And I've been facing a demon. The other thing about the Île de Ré is that almost everyone goes around on a bike. Now it's a shameful thing to admit, but I only learned to ride a bike about 5 years ago, at a time when the eldest child started talking about it. I had a vision of us learning together, and then family bike rides, whirring along together happily, and certainly not the reality where the family whirred off and I clanked to a halt, beaten by a complete lack of confidence and an inability to believe I could actually pass anyone without crashing into them or falling off, the afternoon ending invariably with hot tears of fury and my poor bike being thrown onto the grass in despair.
Over the years people have tried to persuade me that I could overcome this; just a bit more practice and I'd be there. I'd love to believe it. It's true that I often look upon cycling friends with some envy, but it's in the same way as I feel envious of birds for being able to fly: they're just a different species to me. The world of feeling safe on a road, of being competent enough to lift a hand off the handlebars to indicate, is a million miles away. And actually that's fine. I've had years and years of skirting around biking conversations, of making up excuses, of finding a different way of getting about, and so the thought of being mobile on something two-wheeled feels utterly alien.
But the images I saw of this place, this beautiful island, persuaded me that I really needed to come here, and that the ideal thing to do what be to hire a tandem, as well as bring the children's bikes. It is too big an island for walking, and it would be too slovenly to drive everywhere. So we have a big beast of a thing, a masterpiece of archaic French fabrication, with enormous fat saddles and a rather nasty French superiority complex. Before I'd seen it, I had visions of growing to love it, our trusty steed, but I'm not sure this is happening. I wish it had a name, but like farm animals heading for the slaughterhouse, I'm not sure it would be wise.

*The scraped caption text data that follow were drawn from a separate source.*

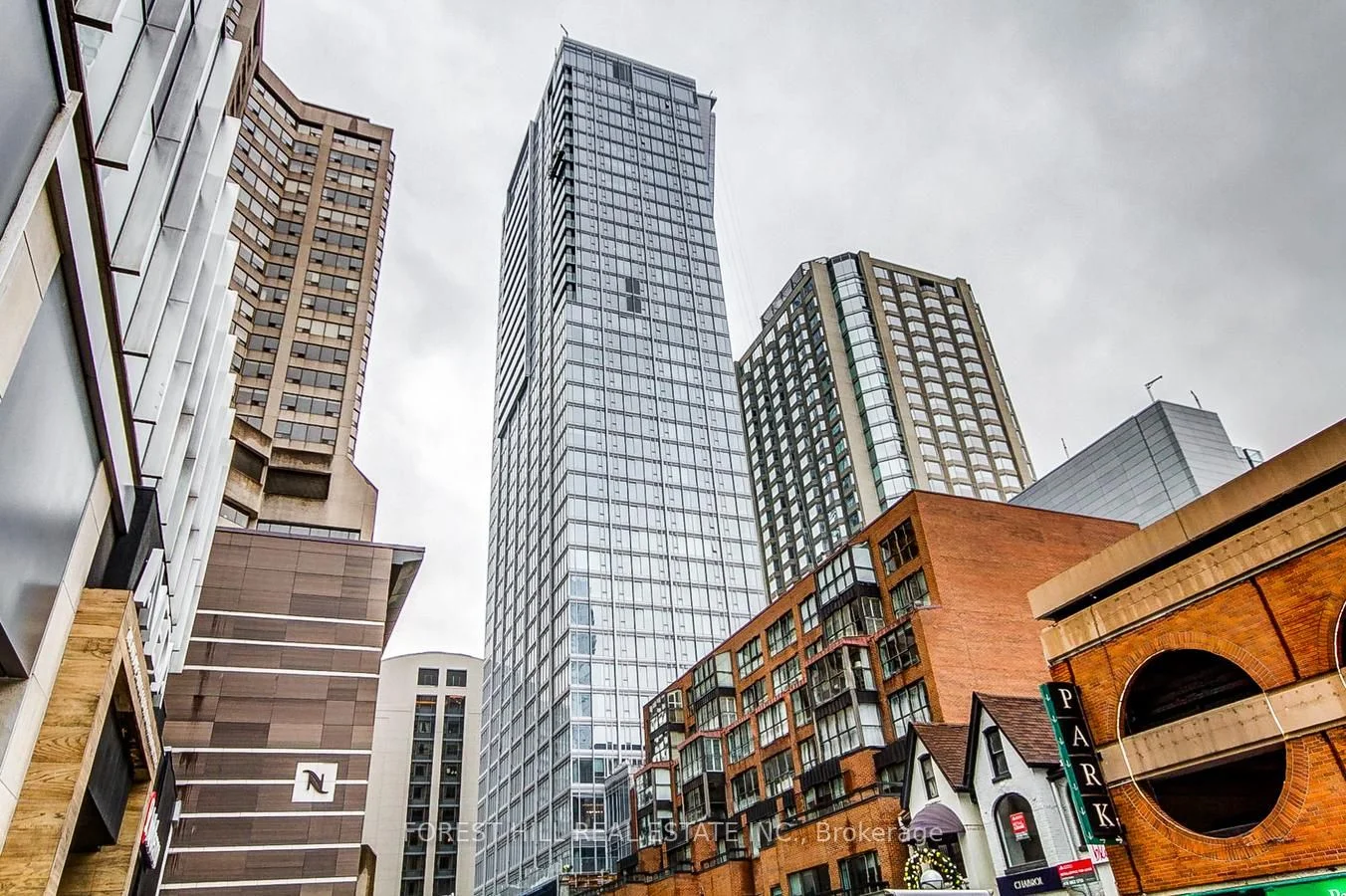 200 Cumberland Street 2602, Toronto C02, ON M5R 0B6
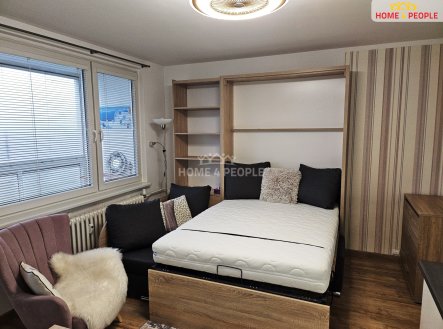 Pronájem bytu, 1+kk, 34 m²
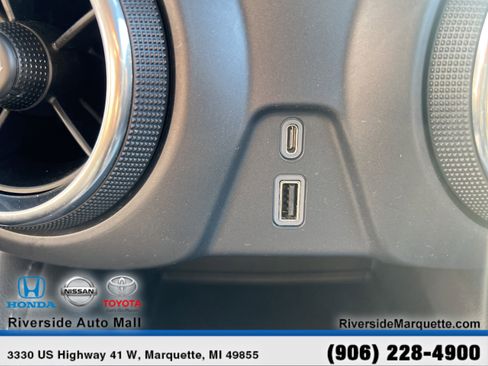 Used 2020 Chevrolet Blazer LT image 18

It is in so many ways an abusive relationship: why would I ever fall in love with something that every time it looks at me, it reminds me of my failure and ineptitude... this contraption with its smug bell and smirking handlebars laughs in my face, clipping me with something sharp every time I try to manhandle it, and then looks away coyly, denying all knowledge. Every day, no matter what I do, it brands me with the Mark of Idiocy for all to see, a right calf black with oily chain marks; some days I look like I've been run over. And then there's the constant physical abuse. Every evening, shifting position tenderly on the sofa, I remember that this is the pain I had in my mind when I recently translated the sentence about examining for bruising and lacerations in "how to care for rape victims" for a French charity. This is clearly not a love story.
And yet I have to admit that were it not for this two-wheeled, two-seated cantankerous beast, there are things I would never have seen or experienced, and the joy of a cool breeze on a 33-degree day as we are freewheeling so fast that the children get out of earshot is hard to beat. I've seen acres of grapevines, with birds of prey hovering overhead, waiting for something interesting to eat, such as a rabbit that races across the path ahead. I've been on cycle paths with eery still salt marshes on either side, and nothing else for miles. I've passed shacks overlooking the sea masquerading as restaurants selling just one thing, with tables and wineglasses set out around their own oyster beds. I've been to every branch of La Martinière, the island's top ice cream producer, officially ranked among France's top 5 ice cream makers, and tried everything from local melon, to raspberry and red pepper, to caramelised potato flavour (although all my bravery was used up on the bike so I didn't have any spare for the oyster and caviar ice cream). And there is a joy about having cycled 12 miles and therefore feeling entitled to order up a big plate of fruits de mer for lunch to give me strength for the journey home.
Maybe it's not all over for the bike yet. Although I do need some similar incentives to make me want to keep going when I get home.